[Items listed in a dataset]
══════════

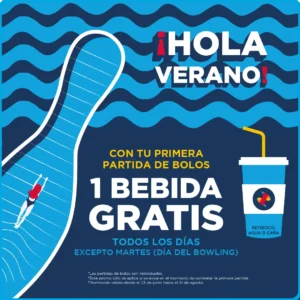 Promoció: una beguda gratis amb la teva primera partida de bitlles, cada dia excepte els dimarts (dia del bowling). A Ozone Bowling Toledo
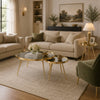 Kecy 3pc Coffee and End Table Set | Gold Metal Frame | Round Mirror Top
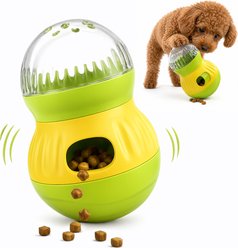 PawsPik Interactive Wobble Treat Dispensing Small Dog & Cat Toy, Green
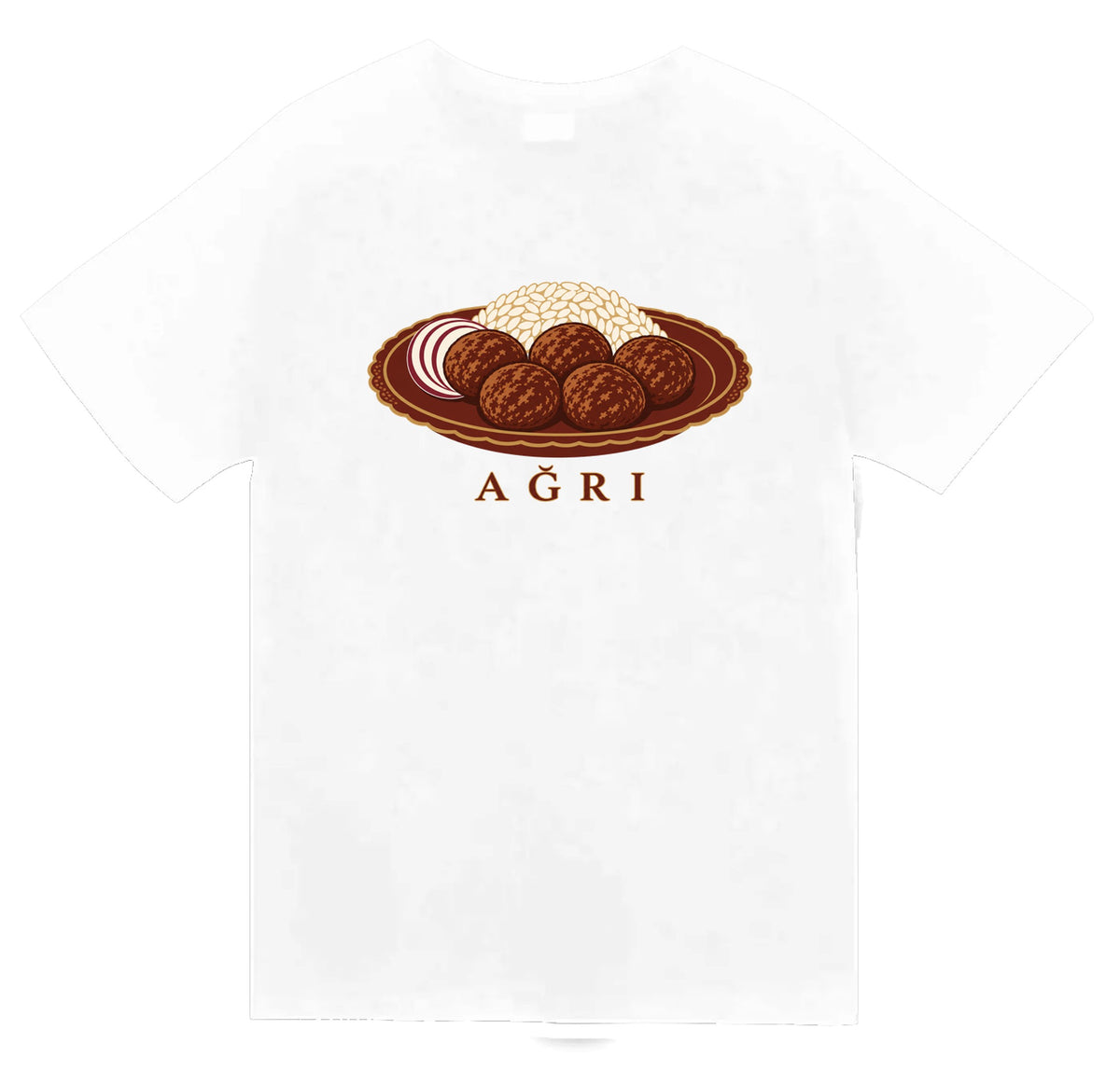Ağrı Abdigör Köftesi baskılı beyaz t-shirt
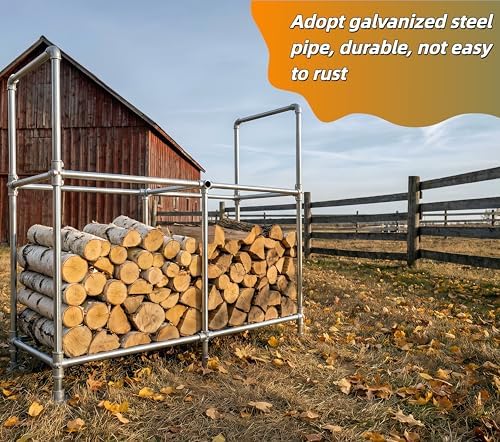 6ft Heavy Duty Firewood Rack Outdoor with Cover,2-Tier,6 Aluminum Base Feet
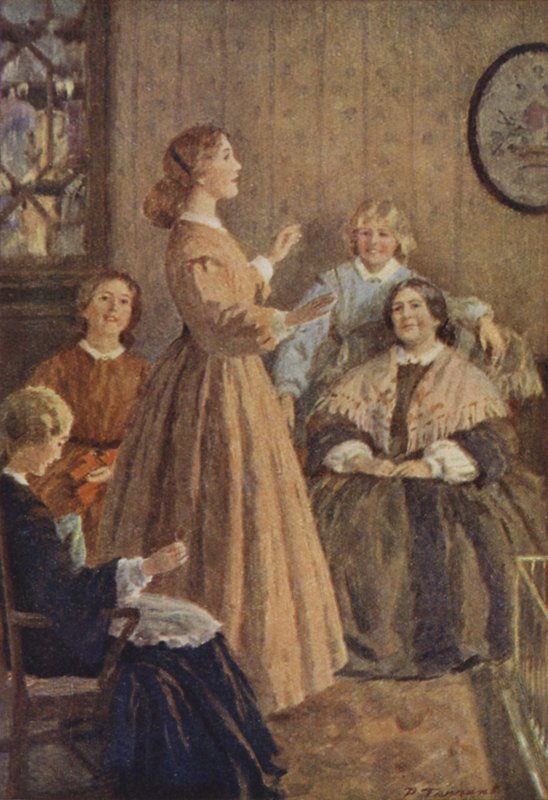 Ilustrace pro malé ženy Louisa M Alcott (barevné lito) od Percy Tarrant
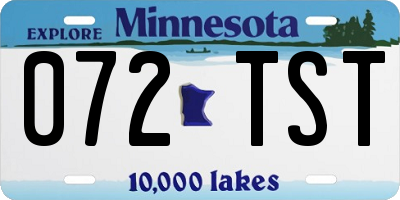 MN license plate 072TST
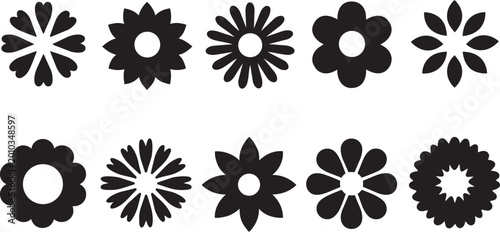 Collection of simple black flower icons stylized floral vector elements for design isolated on white background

══════════

Begin at the line containing "Ilustrace pro malé" and transcribe exactly every line through the end of the records, both ends included, leaving the pictures out.

 Ilustrace pro malé ženy Louisa M Alcott (barevné lito) od Percy Tarrant
 MN license plate 072TST
 Collection of simple black flower icons stylized floral vector elements for design isolated on white background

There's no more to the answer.